» **WHAT YOU NEED TO DO**
Ignoring every picture, transcribe the data in full as it stands.

LISTED ENTRIES Start Marker

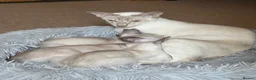 Siamese cats for sale: A litter of 3 beautiful Siamese kittens  - Advert 1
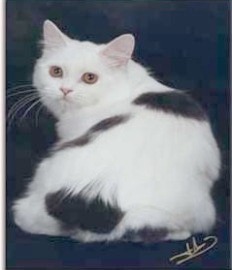 black and white Manx cat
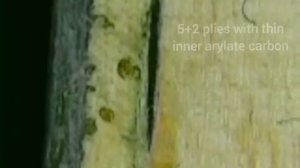 A comparison of the DHS Hurricane 301 vs DHS Hurricane 301x table tennis blades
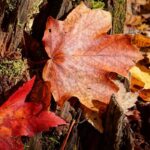 Maple Leaf fragrance oil captures the fresh, green, and slightly sweet aroma of maple leaves, evoking the essence of vibrant forests and the beauty of autumn foliage.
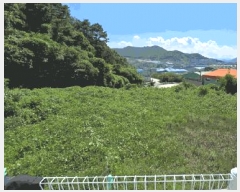  2025Ÿ��12343 �泲 ���� ȣ�赿 231-3       ������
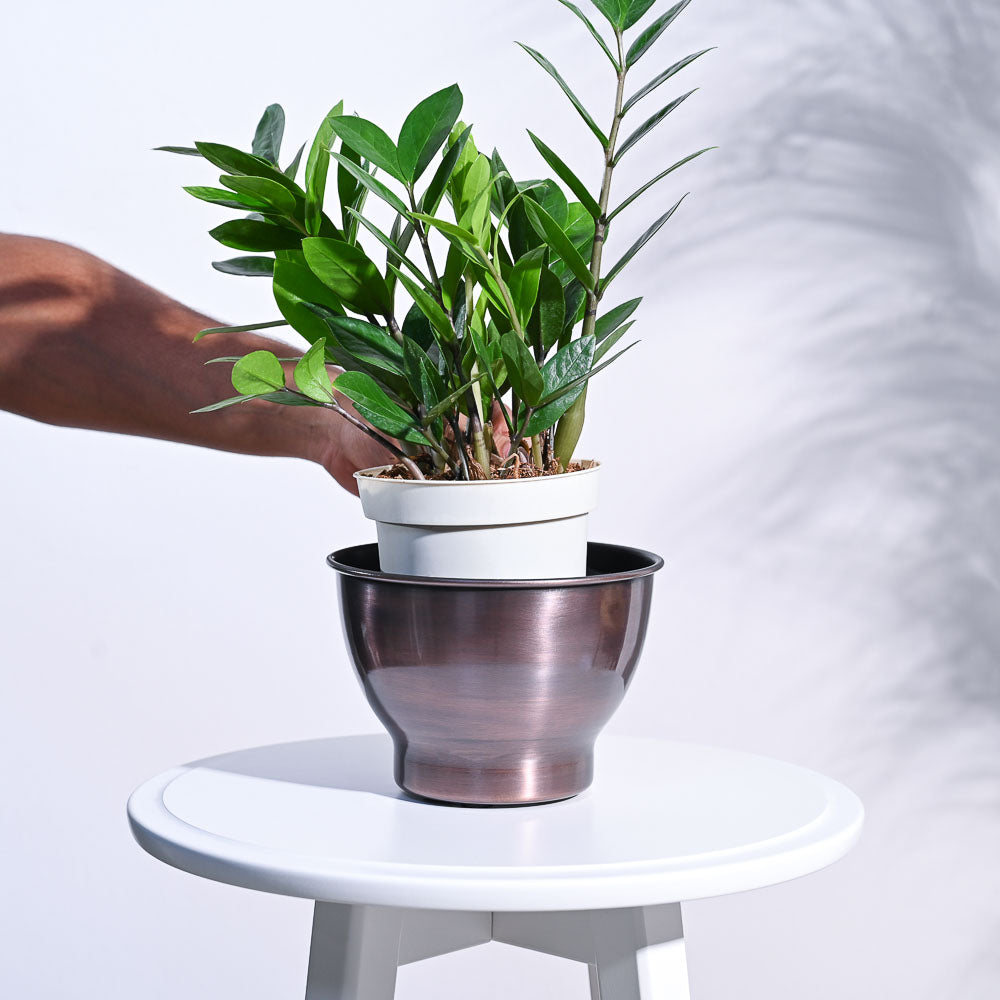 Gunmetal Goblet Planter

LISTED ENTRIES End Marker

» **RESPONSE BOX**
 Siamese cats for sale: A litter of 3 beautiful Siamese kittens  - Advert 1
 black and white Manx cat
 A comparison of the DHS Hurricane 301 vs DHS Hurricane 301x table tennis blades
 Maple Leaf fragrance oil captures the fresh, green, and slightly sweet aroma of maple leaves, evoking the essence of vibrant forests and the beauty of autumn foliage.
  2025Ÿ��12343 �泲 ���� ȣ�赿 231-3       ������
 Gunmetal Goblet Planter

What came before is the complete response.